Film School
With its staccato editing and pulp visions of a very non-Buffy Sarah Michelle Gellar getting down and dirty, James Toback’s Harvard Man should have made more of an impact upon its limited release. But it’s too edgy for the Buffy fanbase and too drug-laden for the theater chains, who’d rather show heads being cleaved in half than acid trips.
When Toback visits Kansas City to screen Harvard Man for the upcoming Kansas City Filmmakers Jubilee Indy Film Showcase, he gets to speak for himself about a movie critics have said exemplifies the so-bad-it’s-good genre.
Toback’s Two Girls and a Guy and Black and White both starred his pal Robert Downey Jr. In its exploration of white youths’ adoption of black hip-hop culture and parlance, Black and White seemed to be one of the few American films of the last five years that was really about something. This observation sends Toback into a rant about how disgusted he is with modern filmmaking and filmmakers.
“Movies marketed effectively today have to be marketed by one loud note — simple to describe and simple to receive,” he says. “Everyone wants to make a profit — that’s not the issue. But now it’s all about gross; the business has become a quest to gross $100 million and … if you’re on the wrong side of that equation, you’re fucked. The good side: I can make the movies I want.”
Harvard Man opens with split screens. A Harvard basketball game is going on in half the frame; in the other, Gellar and the title character, played by Adrian Grenier, have noisy sex beneath a Gauguin poster. The fact that Grenier — a skinny 5-feet-10-inches — plays college ball is the first of several credulity-stretching aspects that make the film a bit translucent. If you buy this, Toback seems to insist, then you also must accept Gellar as a mafioso princess and the parakeet-voiced Joey Lauren Adams as a Harvard philosophy professor lecturing on Kierkegaard.

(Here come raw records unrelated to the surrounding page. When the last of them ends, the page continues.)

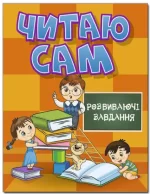 Читаю сам. Розвиваючі завдання. Помаранчева - Глорія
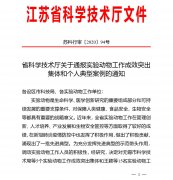 江苏：实验动物抗疫成效突出受表彰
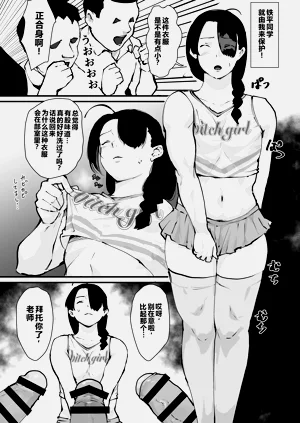第6页图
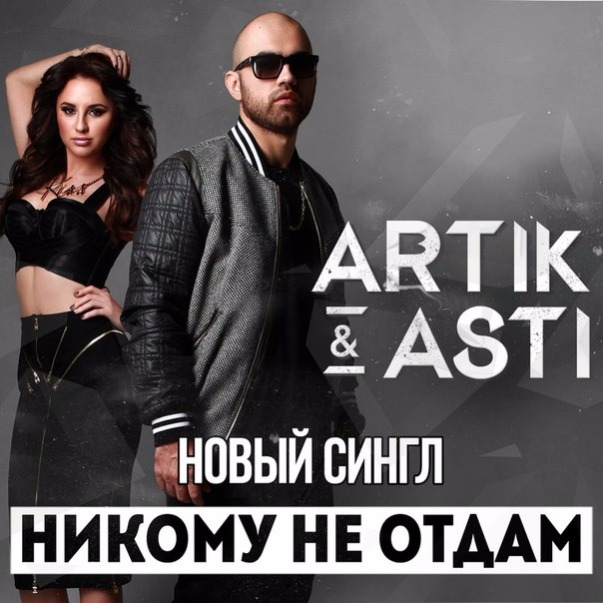 Асти все идет по плану песня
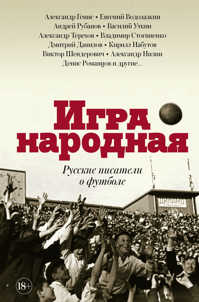 книга Игра народная. Русские писатели о футболе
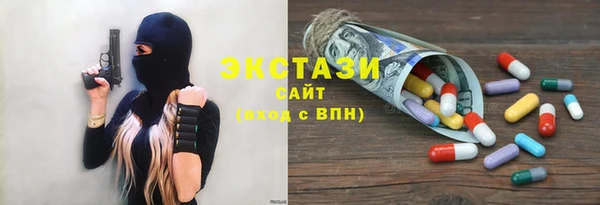 хмурый Бронницы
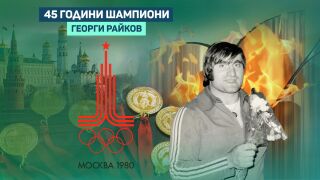 Шампион със сърце, победен от сърце (СНИМКИ)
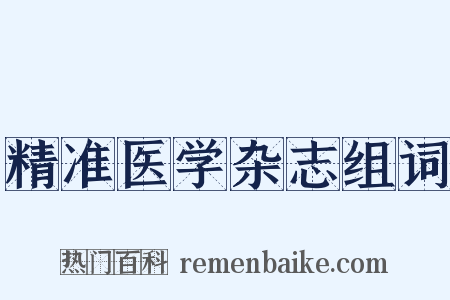 精准医学杂志组词是什么意思的图片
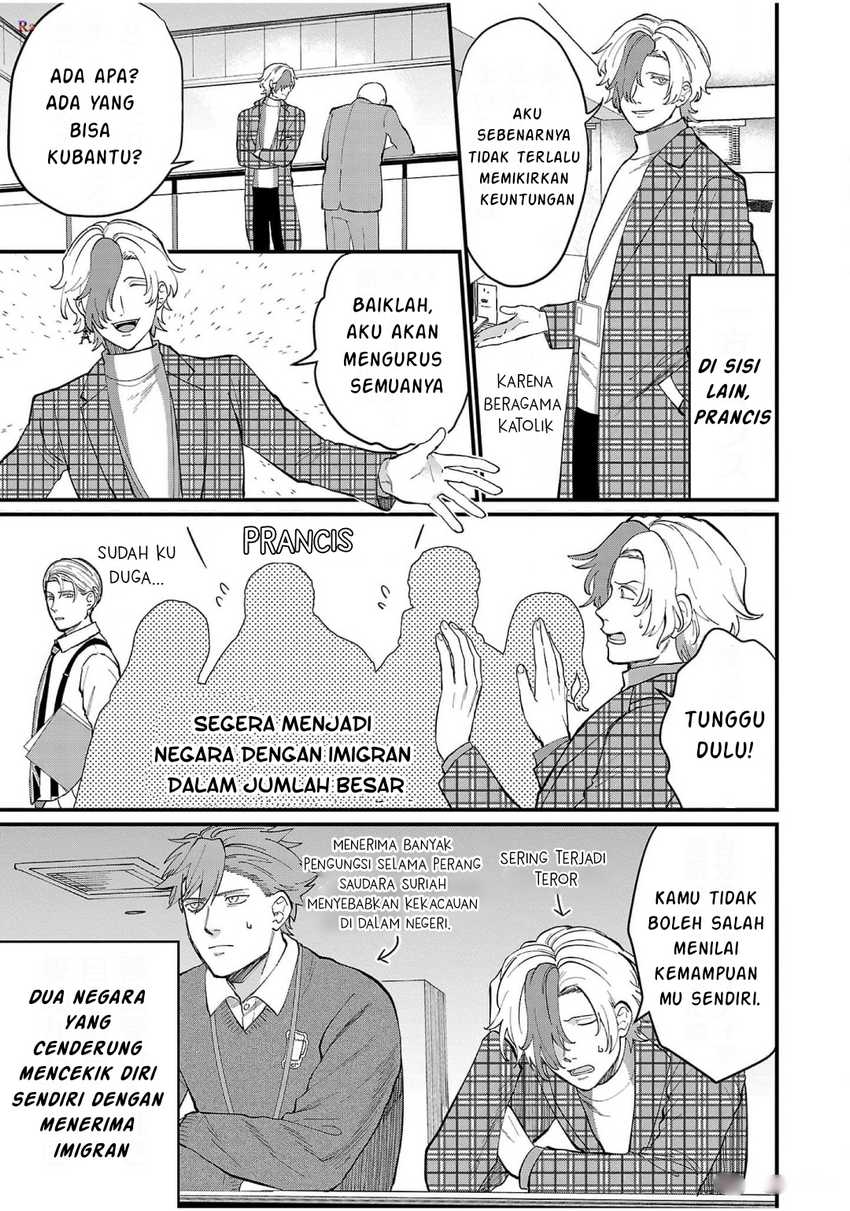 Chiseigaku Boys ~Koku ga Salaryman ni natte Hataraku Kaisha~ Chapter 09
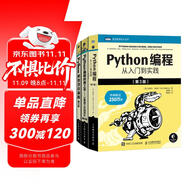 Python編程三劍客第3版：Python編程從入門到實踐第3版+快速上手第2版+極客項目編程第2版（京東套裝共3冊）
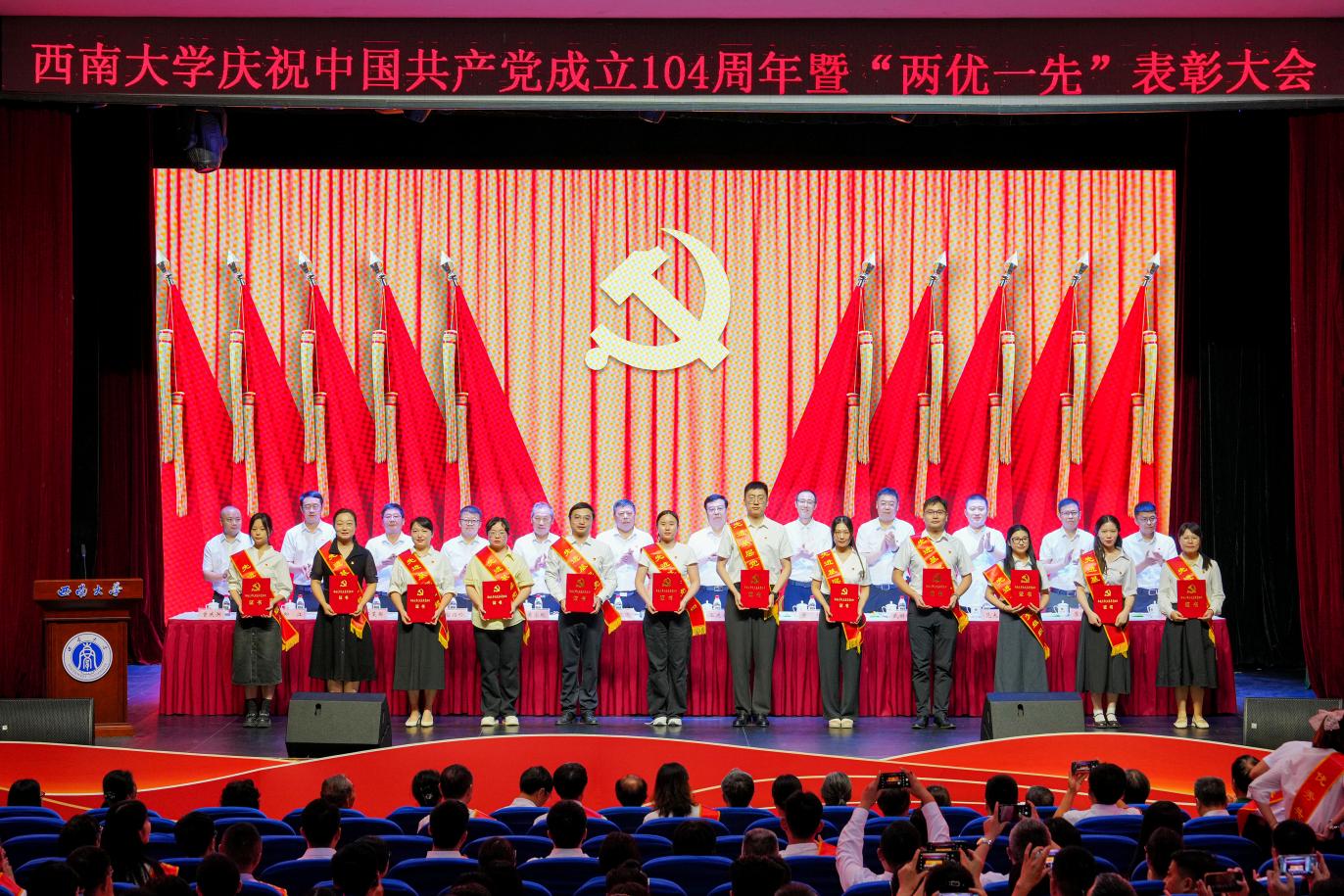 文件名稱:image2.jpeg原圖大小:NaNGB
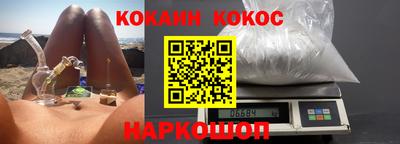 бошки Кумертау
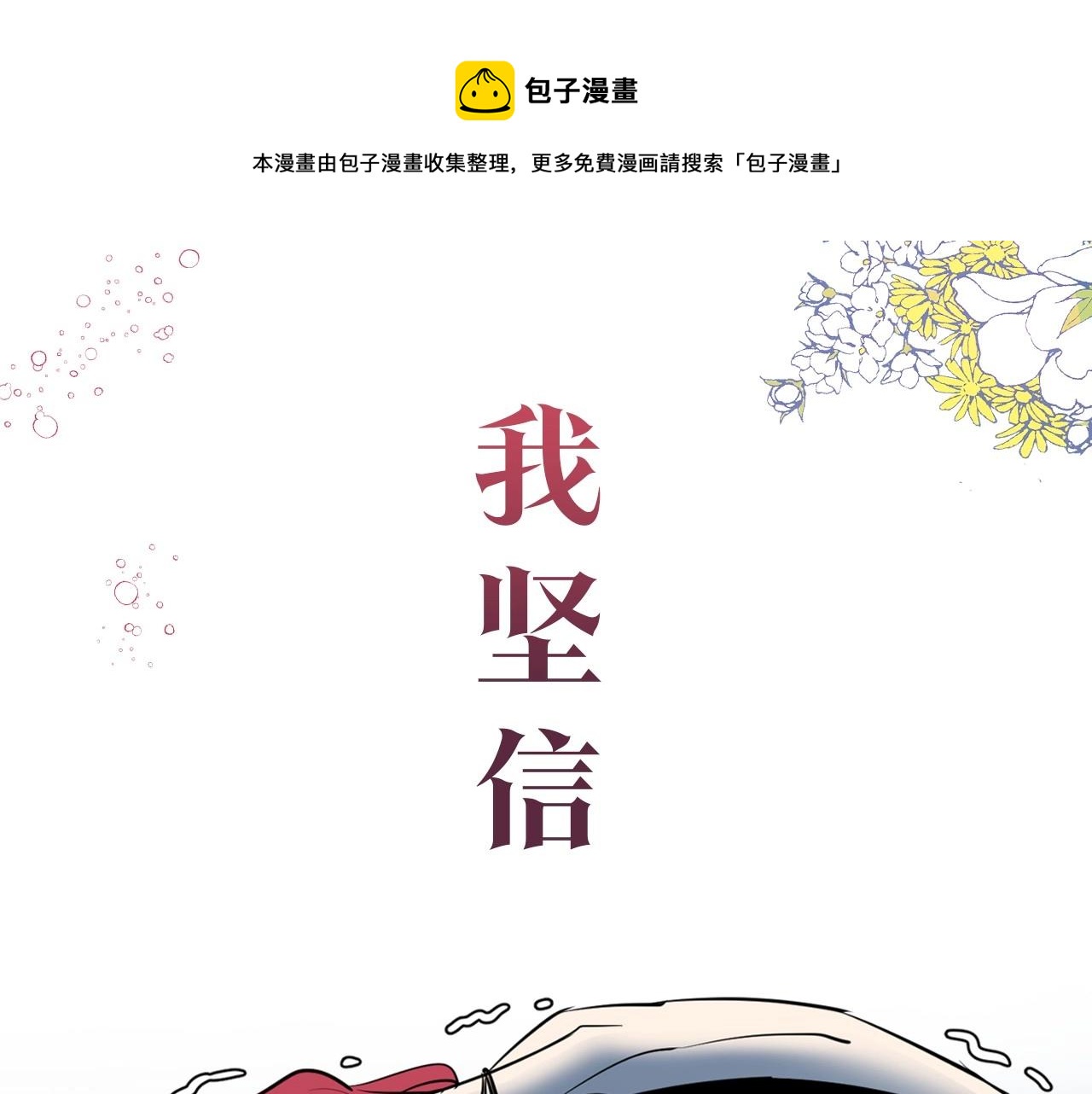 序章 野兽公爵被我训成嘤嘤怪？(1/2)-第1话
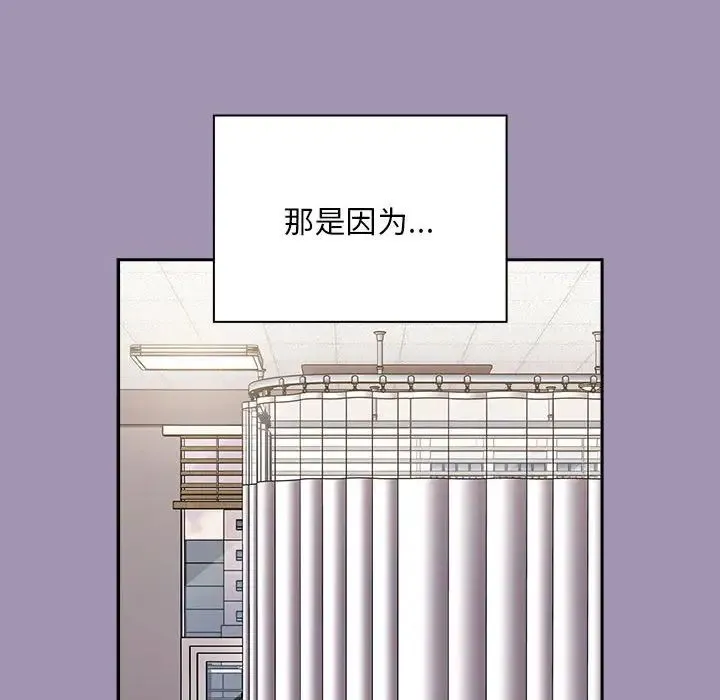 不请自来的未婚妻 - 第80話 - page 152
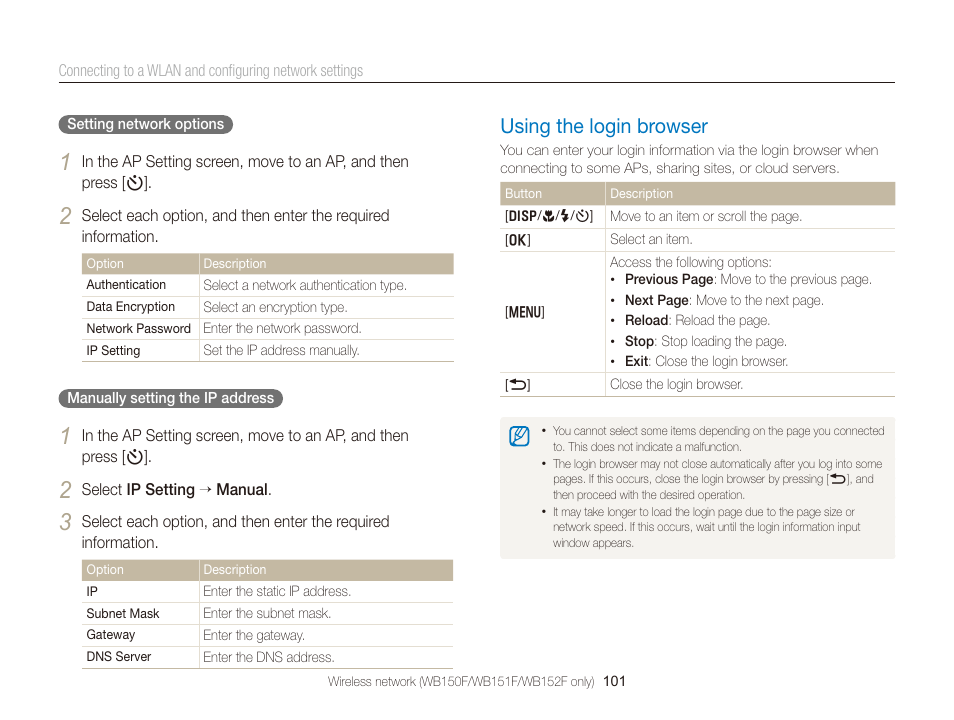 Using the login browser, Using the login browser ………………… 101 | Samsung EC-WB150FBPBUS User Manual | Page 102 / 160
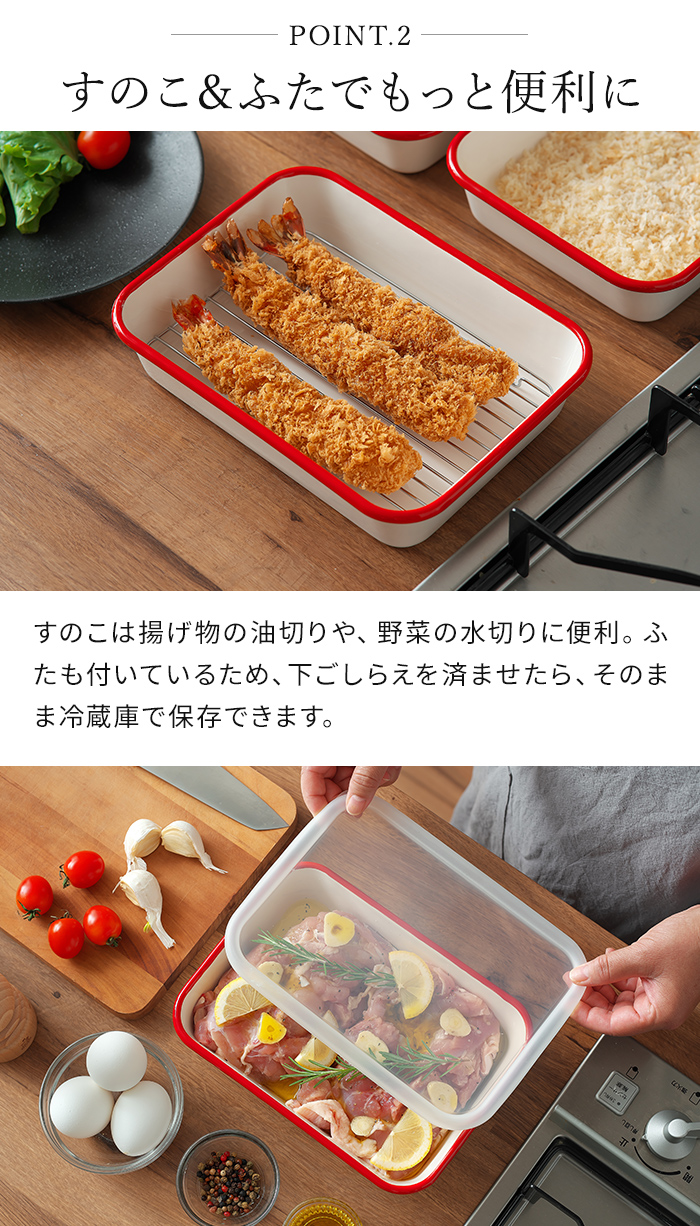 Honey Ware 正規品 富士ホーロー ホーロー揚げ物バット5点セット BM-3V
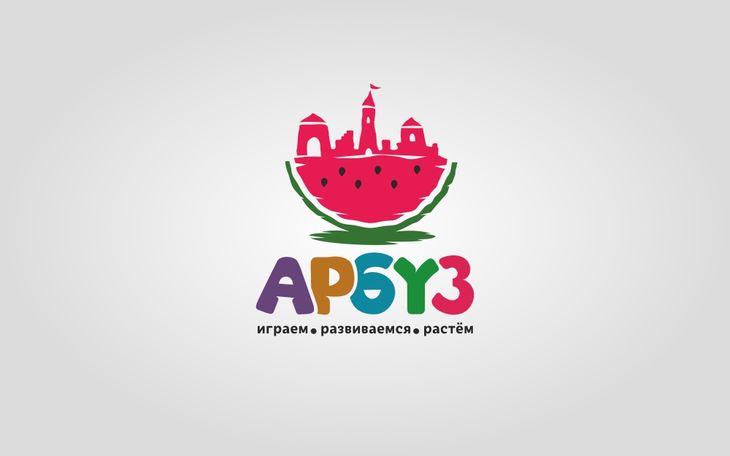 Логотип для детского городка Арбуз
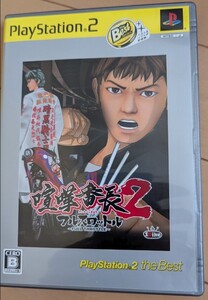 PlayStation2 喧嘩番長2 フルスロットル
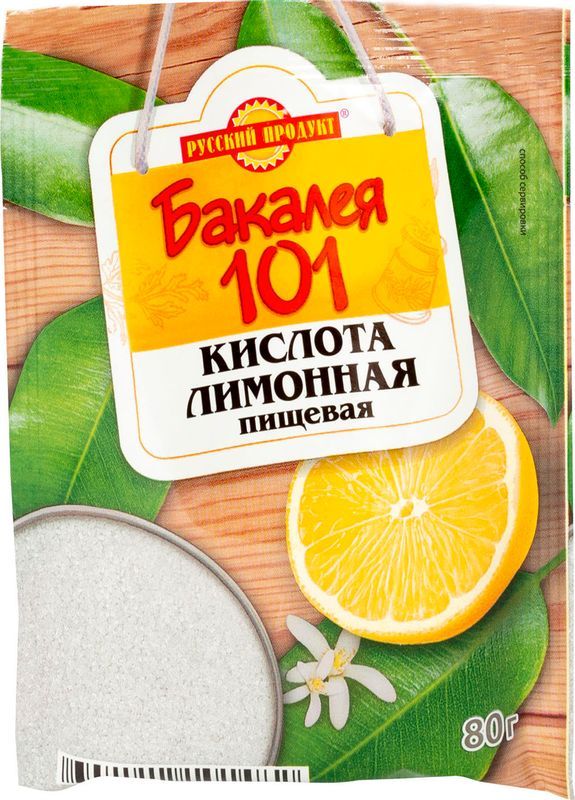 

Лимонная кислота Русский продукт Бакалея 101 80 г
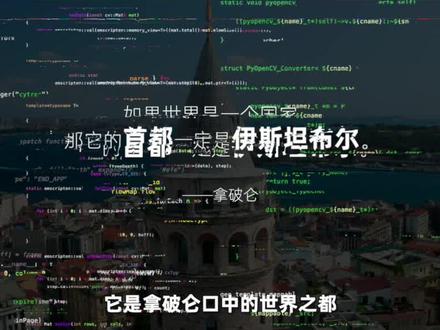 上 丨 7分钟看遍伊斯坦布尔:如果世界是一个国家,它的首都应该在哪里?#夏日科普星探企划 #抖音热门鉴定 #奇妙知识在抖音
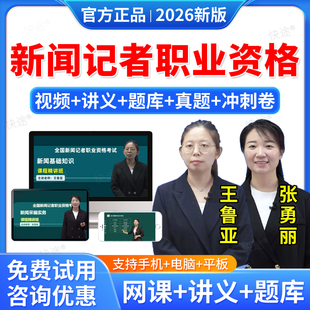 羿文教育2026全国新闻记者职业资格考试网课视频课件课程教材考试历年真题库新闻从业基础知识和采编实务资料教学视频培训课件大纲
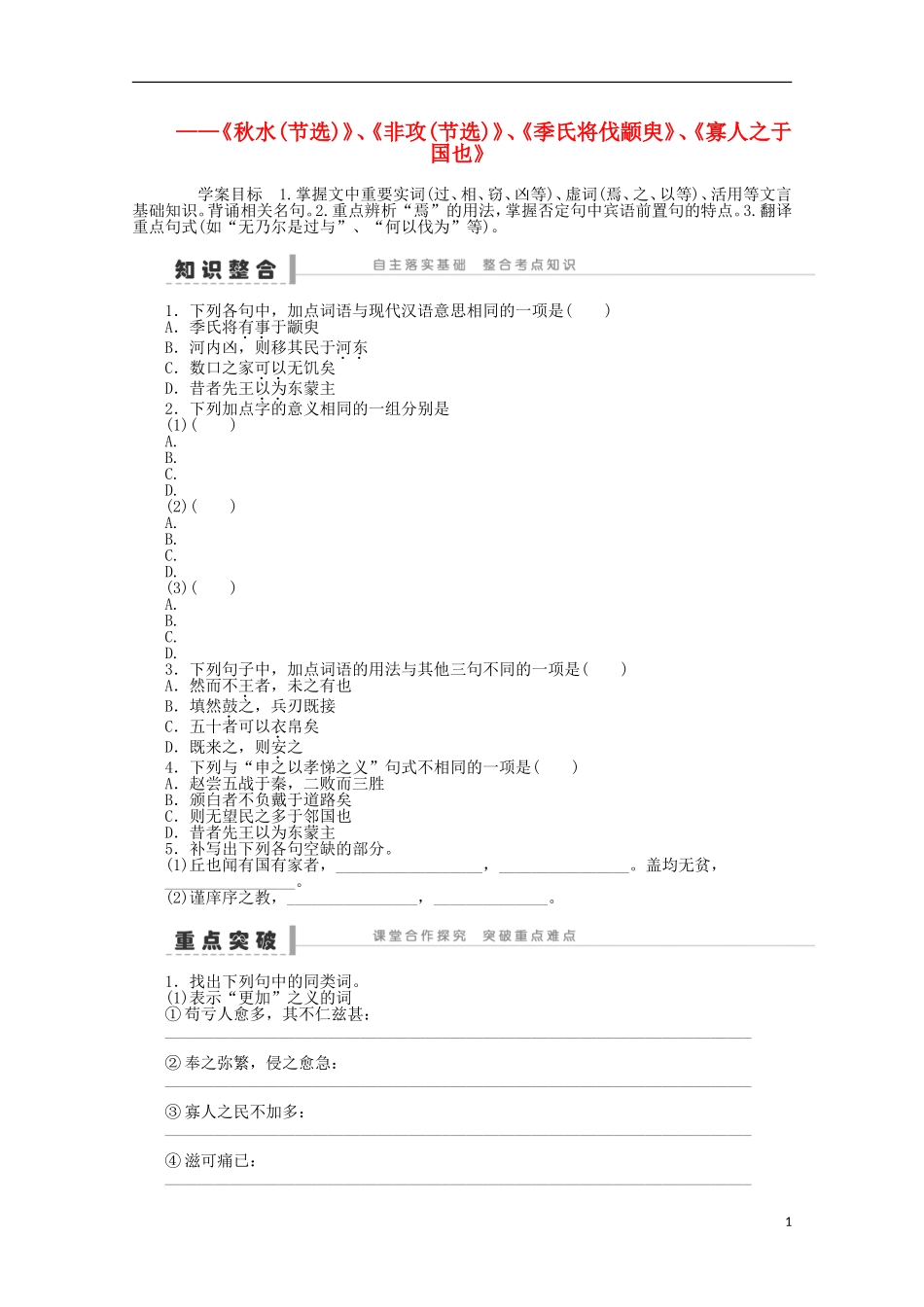 2014届高考语文一轮复习 重点难点突破《秋水(节选)》、《非攻(节选)》、《季氏将伐颛臾》、《寡人之于国也》学案 新人教版_第1页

When Grenier’s character takes a massive dose of acid (Toback did the same thing while a Harvard man), it’s not an accident or a goof. The boy’s interests are scholarly and introspective. And his split affections between Gellar and Adams provoke thoughtful discussions about what sex partners want when the sex is exhausted.
Gellar, who hinted at her dark side in Cruel Intentions but is known to toddlers everywhere from Scooby-Doo, had no reservations about her clothed but graphic sex scenes. “When she decided to work with me, anyone who works for her [who might have objected] had to get out of the way,” Toback says. “She’s extremely clear-headed and almost unique that way. Most [young stars] run a Gallup poll about who they’re supposed to like and work with. Sarah’s far too directly opinionated for that.”